Jag Panzer - Scourge of the Light Review
by Matt Hensch
Alright demons and witches, grab your steel gauntlets and take cover: Jag Panzer is on the prowl once again. Harbingers of bringing the power back into power metal, Jag Panzer continue their fiery legacy throughout “The Scourge of the Light,” which releases Jag Panzer’s steel-bending projection into an array of dynamic crafts not unlike their previous achievements. The underrated band responsible for monumental classics like the ripping “Ample Destruction” return with a rocking album still singing the song of true metal despite a lengthy gap between their last release, proving once and for all Jag Panzer is one of the greatest American metal bands the U.S. of A will ever fathom. Even though the record isn't as energetic or rocking as "Ample Destruction," Jag Panzer is still explosive as all Hell throughout "The Scourge of the Light," a fact the listener will immediately garnish once the rapid riffing and soaring vocals of "Condemned to Fight" initiate.
And wow, Jag Panzer are definitely rocking like a classic group. Classic is essentially what they go for here, as the musical blueprint is highly based off verse-chorus textures layered in intoxicating grooves, flashing solos, and fiery speed in the vein of old-school power metal, yet including a incinderary edge I'd say is fond of Judas Priest or other speed metal bands; don't assume I mean "worship," because Jag Panzer is in a league of its own. There aren't many dynamic or complex transitions between tracks, but Jag Panzer pull it off with Harry Conklin leading the battalion while the other tanks roll in with pride. And speaking of Conklin, he totally dominates the album; his voice is in pristine conidition, able to hit notes higher than the sky to no default, making it one of the band's best releases over their lengthy career. In fact, I’ll put my Iron Maiden t-shirts between two pieces of bread and eat the Eddie sandwich if “Burn” and the mighty “The Setting of the Sun” aren’t some of the best Jag Panzer songs ever written.
“The Scourge of the Light” is also a colorful record, as Jag Panzer illuminate in more ways than what you’d expect from their basic metal approach. The turbo riffing and frisky melodies throughout “Condemned to Fight” fade into the Celtic-influenced epic “The Setting of the Sun,” which depends heavily on mighty atmosphere and Conklin’s phenomenal vocals; it’s easily my favorite song. Mid-paced structures dominate “Bringing on the End” whereas “Cycles” and “Let it Out” return to the speedy sanctuary before “The Book of Kells” concludes “The Scourge of the Light” with another folk-inspired saga pinned largely on sorrowful semblance. The variety Jag Panzer shows keeps the listener eagerly awaiting whatever spin they next apply, and the total disregard of poor ideas among their different approaches makes for a well-written release with many fantastic tunes that I can’t seem to ignore.

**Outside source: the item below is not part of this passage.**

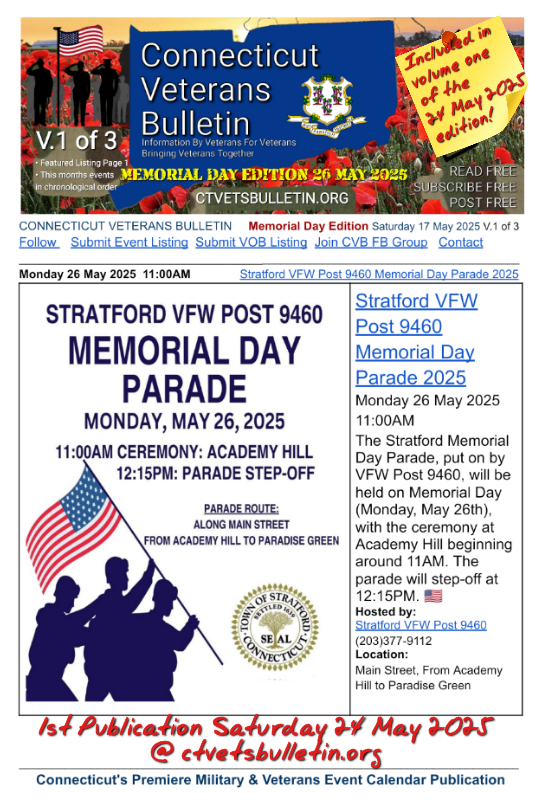 Stratford VFW Post 9460 Memorial Day Parade 2025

“The Scourge of the Light” has no mask, no gimmick, no falsehood, and certainly no mercy for trends; it’s simply heavy metal in its truest form. But then again, what else could one expect from Jag Panzer? Conklin sounds wonderful as always and the remaining members do a bang-up job instrumentally and are definitely at the top of their game. While it’s clear “The Scourge of the Light” can’t brush up to the group’s early masterpiece, the record still ignites the embers of classic metal and is certainly worth a purchase for fans both old and new. Definitely recommended.